Here's the weird part. We don't have a food processor (friends! Now you know what I want. Just kidding). I used a blender, of all things. But it works, more or less, even if the shape of the pitcher is not ideal. Load the mushroom stalks, sausage, and garlic into your food processor, or batch by batch if using a blender. Pulse (at the Grind setting) until you can't recognize shapes any longer. Place the ground crap in a bowl and add (and this is all eyeballed, by the way) a quarter cup dry bread crumbs, a tablespoon of dried Italian Seasoning (er, Marjoram, Basil, Parsley, and Oregano, I think), a chopped-up quarter cup of flat-leaf (Italian) parsley (a small bunch), the diced tomatoes, a quarter cup grated mozarella cheese, a quarter cup grated Parmesan cheese, a healthy dose of fresh-ground black pepper, one small egg, and though I didn't use it, it could really use a bit of salt (by dad says it's not needed.

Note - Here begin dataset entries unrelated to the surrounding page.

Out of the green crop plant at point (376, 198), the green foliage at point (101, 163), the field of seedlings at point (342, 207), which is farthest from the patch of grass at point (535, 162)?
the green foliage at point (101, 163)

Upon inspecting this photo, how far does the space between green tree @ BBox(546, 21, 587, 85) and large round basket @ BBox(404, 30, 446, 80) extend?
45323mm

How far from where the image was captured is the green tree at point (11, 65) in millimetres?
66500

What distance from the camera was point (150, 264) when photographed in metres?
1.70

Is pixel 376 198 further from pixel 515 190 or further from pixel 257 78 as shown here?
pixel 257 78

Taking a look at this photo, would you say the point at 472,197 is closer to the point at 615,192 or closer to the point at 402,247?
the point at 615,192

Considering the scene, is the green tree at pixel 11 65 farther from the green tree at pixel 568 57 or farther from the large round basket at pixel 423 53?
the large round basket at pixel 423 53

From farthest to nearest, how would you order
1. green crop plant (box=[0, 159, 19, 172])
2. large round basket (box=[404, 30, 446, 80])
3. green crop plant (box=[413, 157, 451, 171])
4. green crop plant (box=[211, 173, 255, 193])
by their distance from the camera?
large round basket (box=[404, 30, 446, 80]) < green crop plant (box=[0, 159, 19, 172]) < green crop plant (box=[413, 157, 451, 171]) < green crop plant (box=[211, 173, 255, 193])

Up to you). Take your clean hand and squish everything together.

Take out the mushroom caps out of the oven, invert them, and load the stuffing on top. Sprinkle the top with even more grated Parmesan cheese, drizzle with olive oil, and bake again at the TOP rack of your oven for 25 minutes, or until brown, crusty and cracklelicious. (That last adjective was to make it sound less of a skin disease.) Serve as soon as you can!